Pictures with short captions
>>>>

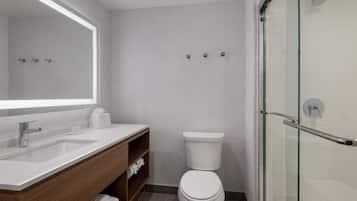 A modern bathroom with a large mirror, a sink, a toilet, and a glass shower enclosure.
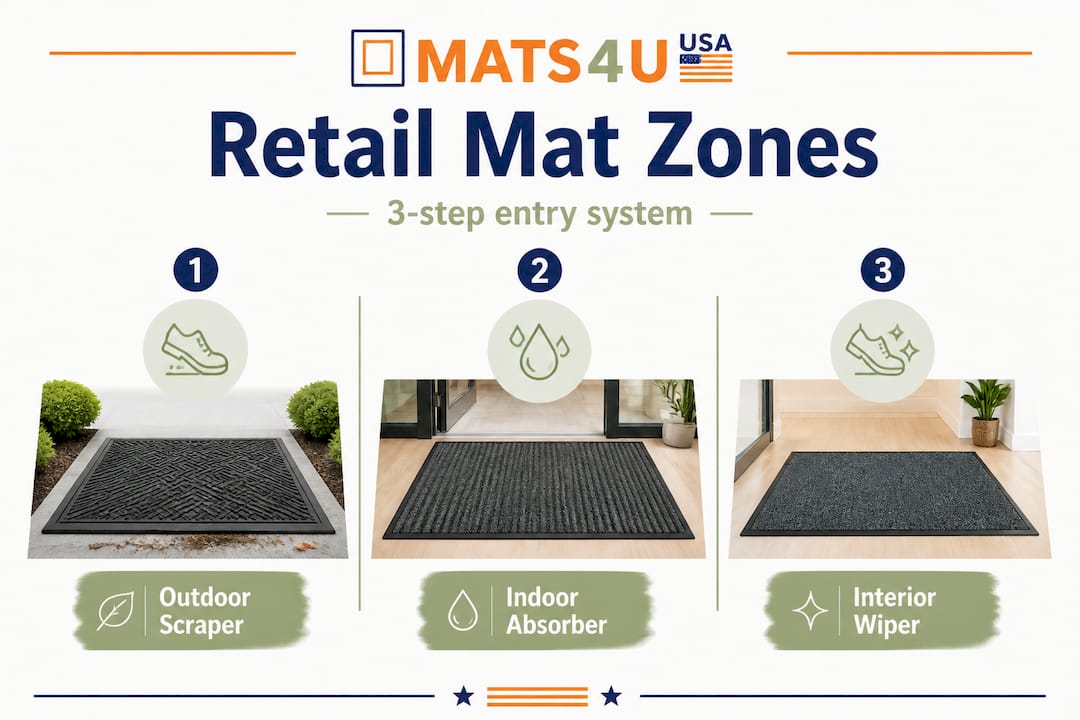 Infographic showing three retail mat zones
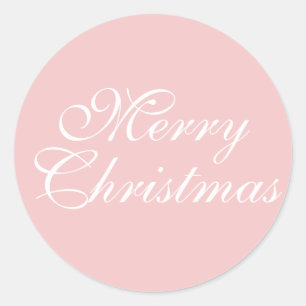 Merry Christmas Pink Classic Round Sticker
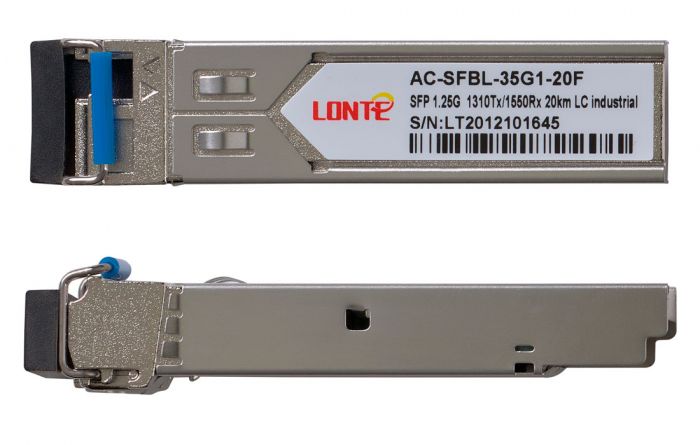 SFP WDM 1.25G Tx1310/Rx1550 20km LC DDM, industrial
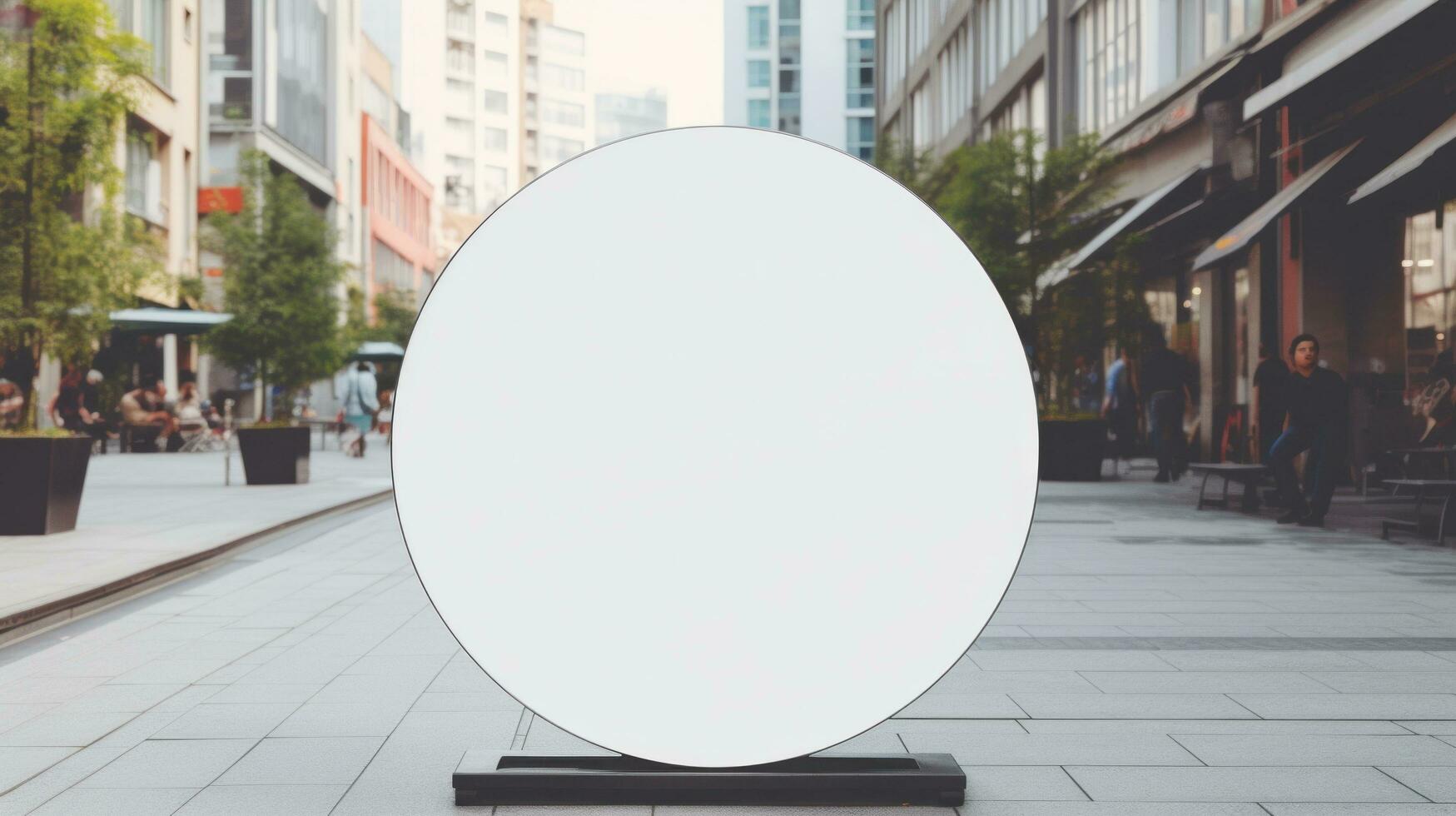 AI generated white minimal circular shop signboard with blank front on a mockup template in a street in a summer city , photo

<<<<

Exercise prompt => The answer consists of the records repeated exactly, without any images.

Exercise output =>
 A modern bathroom with a large mirror, a sink, a toilet, and a glass shower enclosure.
 Infographic showing three retail mat zones
 Merry Christmas Pink Classic Round Sticker
 SFP WDM 1.25G Tx1310/Rx1550 20km LC DDM, industrial
 AI generated white minimal circular shop signboard with blank front on a mockup template in a street in a summer city , photo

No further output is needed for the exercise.